- [Recorded data]:
====
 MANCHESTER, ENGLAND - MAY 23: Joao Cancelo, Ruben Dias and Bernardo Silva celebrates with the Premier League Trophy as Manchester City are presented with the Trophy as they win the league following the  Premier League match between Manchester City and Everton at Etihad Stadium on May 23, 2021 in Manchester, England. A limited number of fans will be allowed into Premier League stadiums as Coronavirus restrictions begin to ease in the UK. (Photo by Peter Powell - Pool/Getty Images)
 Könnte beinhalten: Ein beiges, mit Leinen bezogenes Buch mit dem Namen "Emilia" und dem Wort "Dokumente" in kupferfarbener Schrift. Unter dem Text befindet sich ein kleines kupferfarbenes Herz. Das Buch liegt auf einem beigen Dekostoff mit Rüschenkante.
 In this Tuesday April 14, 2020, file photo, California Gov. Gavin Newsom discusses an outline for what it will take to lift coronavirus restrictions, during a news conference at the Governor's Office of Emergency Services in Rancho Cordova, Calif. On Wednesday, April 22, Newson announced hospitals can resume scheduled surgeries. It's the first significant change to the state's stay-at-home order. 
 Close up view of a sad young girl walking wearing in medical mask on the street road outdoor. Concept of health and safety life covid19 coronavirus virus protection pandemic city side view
====
- [What is expected]: Quote the material exactly, leaving nothing out.

- [Solution to this exercise]:
 MANCHESTER, ENGLAND - MAY 23: Joao Cancelo, Ruben Dias and Bernardo Silva celebrates with the Premier League Trophy as Manchester City are presented with the Trophy as they win the league following the  Premier League match between Manchester City and Everton at Etihad Stadium on May 23, 2021 in Manchester, England. A limited number of fans will be allowed into Premier League stadiums as Coronavirus restrictions begin to ease in the UK. (Photo by Peter Powell - Pool/Getty Images)
 Könnte beinhalten: Ein beiges, mit Leinen bezogenes Buch mit dem Namen "Emilia" und dem Wort "Dokumente" in kupferfarbener Schrift. Unter dem Text befindet sich ein kleines kupferfarbenes Herz. Das Buch liegt auf einem beigen Dekostoff mit Rüschenkante.
 In this Tuesday April 14, 2020, file photo, California Gov. Gavin Newsom discusses an outline for what it will take to lift coronavirus restrictions, during a news conference at the Governor's Office of Emergency Services in Rancho Cordova, Calif. On Wednesday, April 22, Newson announced hospitals can resume scheduled surgeries. It's the first significant change to the state's stay-at-home order. 
 Close up view of a sad young girl walking wearing in medical mask on the street road outdoor. Concept of health and safety life covid19 coronavirus virus protection pandemic city side view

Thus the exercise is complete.